I’ve fan-hated Little since before it was cool, back in his UNC Tar-hole days(Go Wolfpack!) when he pulled this move on poor freshman DB Jarvis Byrd:
I take some satisfaction that my alma mater swept Little and former Browns’ coach Butch Davis the four years Little was in Chapel Hill. Call it schadenfreude, maybe. Plus, the guy apparently parked everywhere except the dean’s front lawn while in school and got away with it.
Little put up solid numbers while in this three eligible years at UNC and finished his junior season with 166 rushing yards, 724 receiving yards and 222 kickoff return yards. He did not play his senior season in 2010 after being ruled ineligible by the NCAA for lying to investigators about receiving travel accommodations and jewelry. Though a little on the shorter side, his combination of size and speed(6’2”, 220 lbs and a 4.53-second 40-yard dash time) had NFL-potential written all over it:
Little was chosen by the Browns in the second round of the 2010 NFL draft, with the 59th overall pick. Little finished the 2011 season leading the Browns in catches and receiving yards, and finished second in catches amongst rookies behind A.J. Green. Though his numbers weren’t exactly setting the world on fire(12 dropped balls and only two TDs), he showed some flashes of what he could do if given touches and space.
Check out this Drake-infused sample of his 2011 work:
The 2012 season saw both his catches and receiving yards decline, confounding fans and coaches alike. He finished with 53 receptions for 647 yards and four TDs. Again, six dropped passes to his 92 targets left him with an unsavory percentage. Before the 2013 season began, those same fans and coaches were encouraged to hear that Little and Weeden spent the summer working out and putting in the effort to get better. We all know how that turned out, and Greg did little(I’ll see myself out) to dispel the notion that he’s a drop-machine in 2013.

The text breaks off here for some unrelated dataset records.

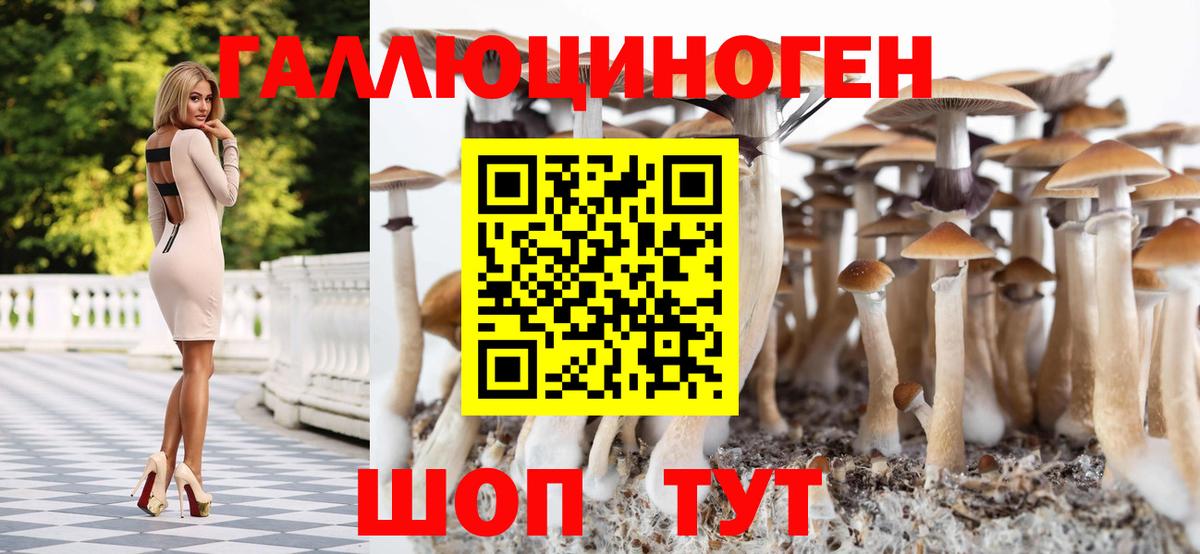 Галлюциногенные грибы MAGIC MUSHROOMS Усть-Джегута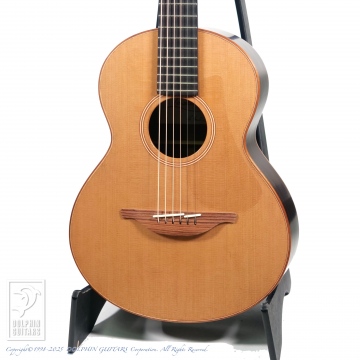 178 The Wee Lowden WL-25 IR/RC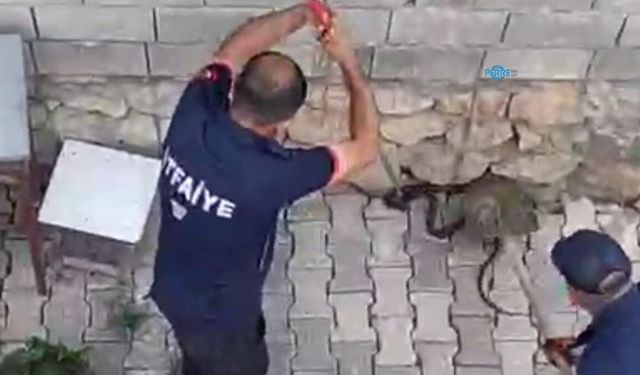 Gölbaşı'nda Eve Girmeye Çalışan İki Yılan Yakalandı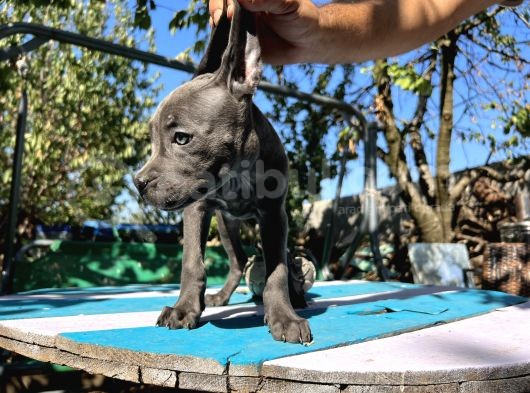 Blue Cane Corso Yavrularımız görsel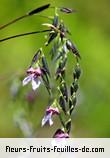 Fleurs-Fruits-Feuilles de thalia geniculata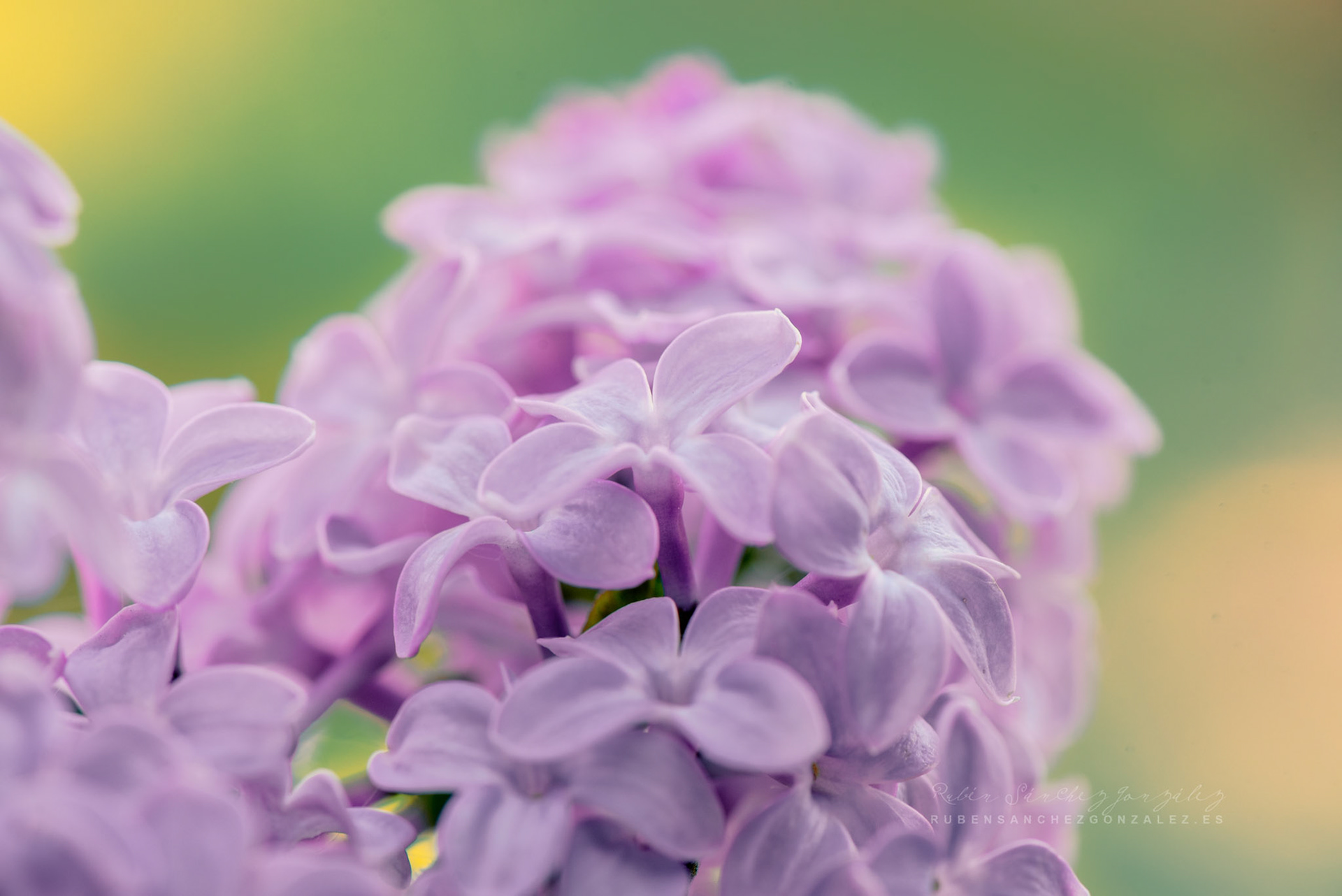Syringa vulgaris - Lilo  - Flor Macro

When reports surfaced after the firing of Chud that the Browns’ brass wanted him to release Little or other underperforming Browns players and Chud refused, many fans were probably wondering what Chud was thinking. Perhaps he saw something in Little that we fans haven’t yet–the numbers certainly tell a different story. Who knows how much time Little has left to prove himself at FirstEnergy Stadium, or even if he gets another chance.